I don't know if you like loop macro (and I don't want to spoil anyone), but try this:
(defun apply-functions (fs es)
(loop for f in fs appending (mapcar f es)))
This is the same idea as yours, just shorter:
(defun apply-functions (functions elements)
(mapcan #'(lambda (x) (mapcar x elements)) functions))
I would define a function, call-each that returns a new function,
returning the list of calling each function on it's argument:
(defun call-each (fns)
(lambda (arg)
(mapcar (lambda (fn)
(funcall fn arg))
fns)))
(funcall (call-each (list #'third #'second #'first)) '(a b c))
;=> (C B A)
cl has the function mapcan which is basically nconc + mapcar :
(mapcan #'reverse '((a b c)
(e f g)
(h i j)))
;=> (C B A G F E J I H)
(mapcan (call-each (list #'identity #'1+)) '(1 3 5 7 9))
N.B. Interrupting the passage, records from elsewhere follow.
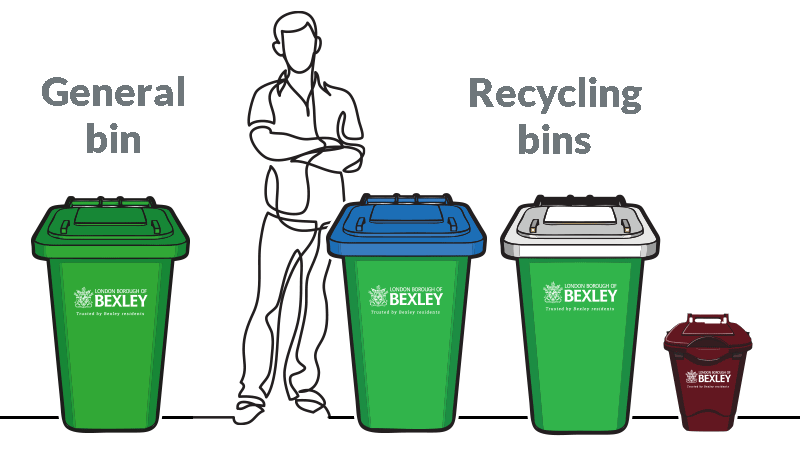 Standard waste bins and recycling bin types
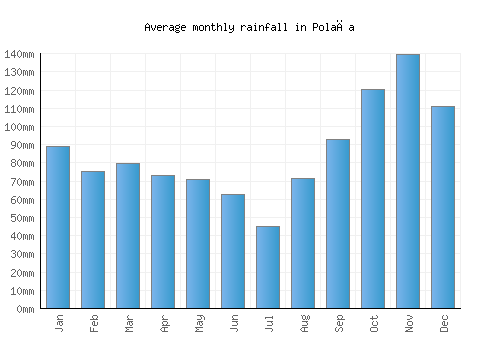 Polača monthly rainfall chart (mm)
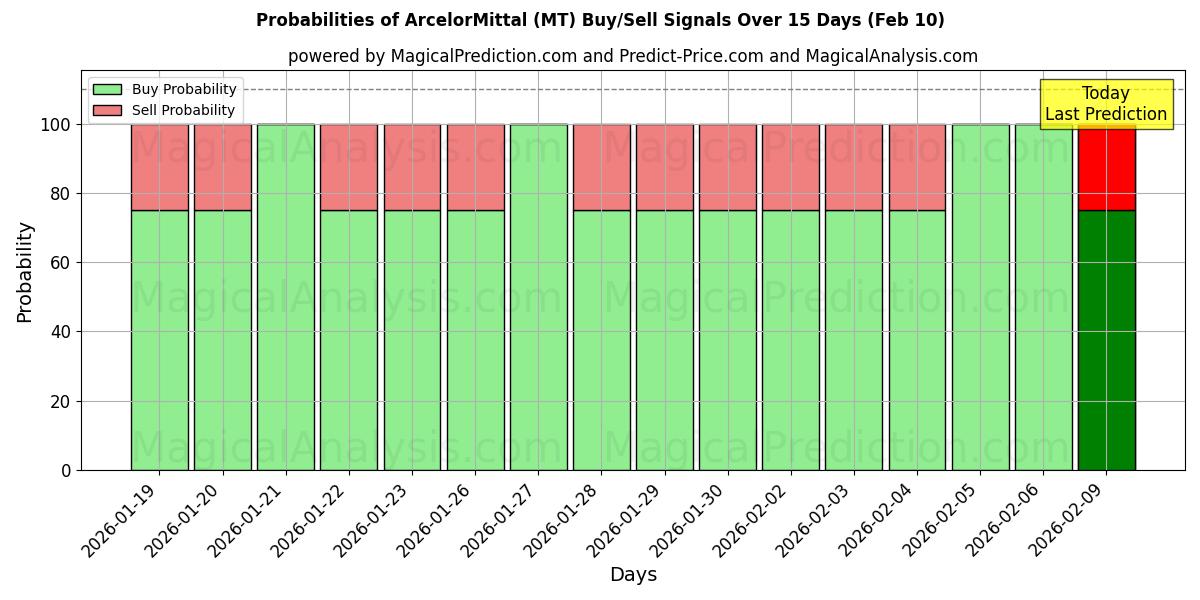 Probabilities of ArcelorMittal (MT) Buy/Sell Signals Using Several AI Models Over 10 Days (10 Feb) 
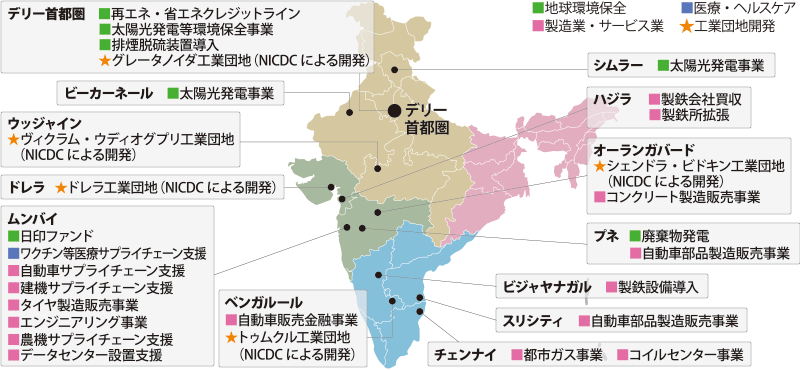 プロジェクトマップ図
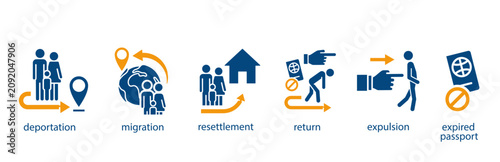 Fotografie family deportation icons set, contains such as migration, resettlement, expired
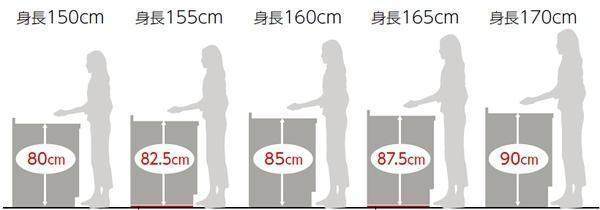 身高165橱柜的高度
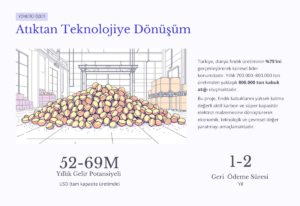 Fındık Atığından Süper Kapasitör Üretim 3 2 Murat Mustafa Ciritçi YÖNETİCİ ÖZETİ
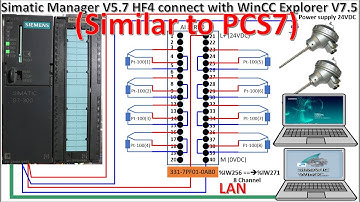 SIMATIC Manager V5.7 build tags to WinCC Explorer V7.5 similar to be PCS7 connect with Pt-100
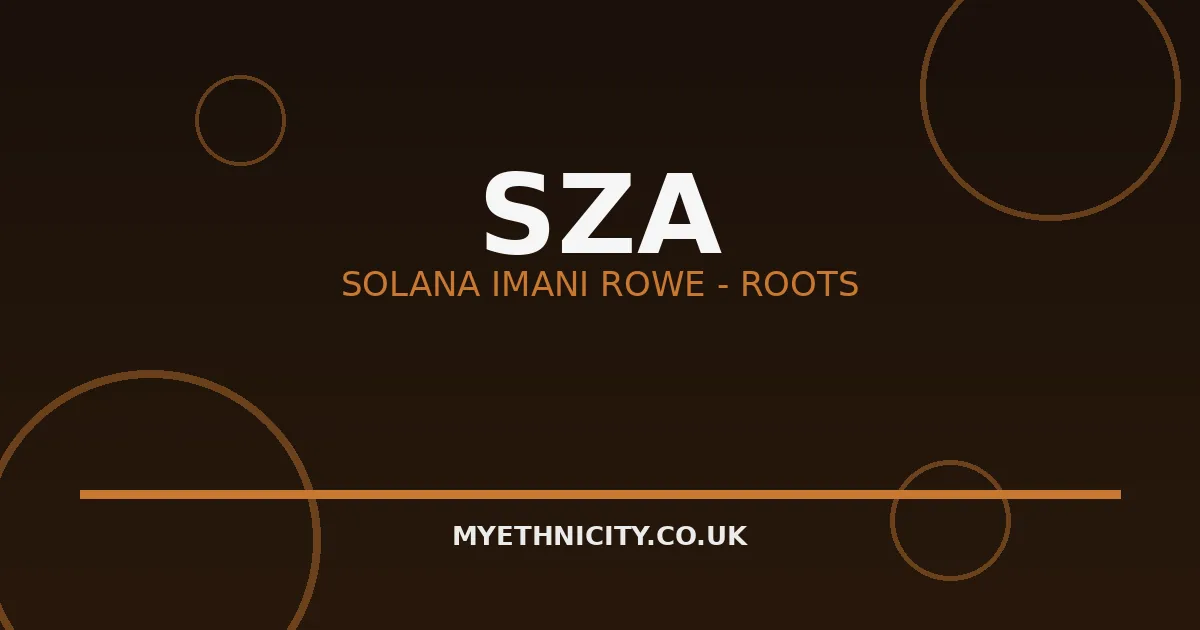 Stylized editorial graphic with microphone and soulful notes for SZA ethnicity article featured image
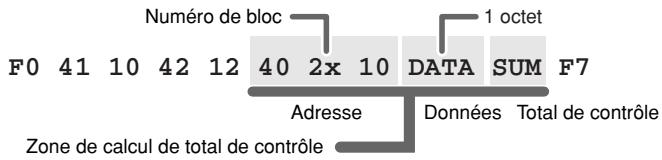 EDIROL PCR-M50 - Exemples d'affectation de messages SYS EX (system exclusive) - 1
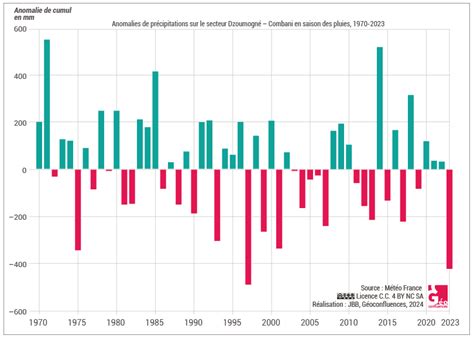 Crise De Leau Mayotte Une Question D Mographique Plus Que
;=> (1 2 3 4 5 6 7 8 9 10)
unfortunately, nconc, which mapcan uses, is destructive:
(let ((data '((a b c)
(d e f)
(g h i))))
;;here be dragons
(list (mapcan #'identity data)
data))
;=> ((A B C D E F G H I) ((A B C D E F G H I) (D E F G H I) (G H I)))
alexandria to the rescue:
(let ((data '((a b c)
(d e f)
(g h i))))
;;safe version
(list (alexandria:mappend #'identity data)
data))
;=> ((A B C D E F G H I) ((A B C) (D E F) (G H I)))
note that using mapcan is more efficient, but unless you know exactly where
your data is coming from, and who owns it, mappend is the way to go.
so you could write:
(defun apply-functions (fs es)
(when fs
(alexandria:mappend (call-each fs) es))
(apply-functions (list #'identity #'1+) '(1 3 5 7 9))
;=> (1 2 3 4 5 6 7 8 9 10)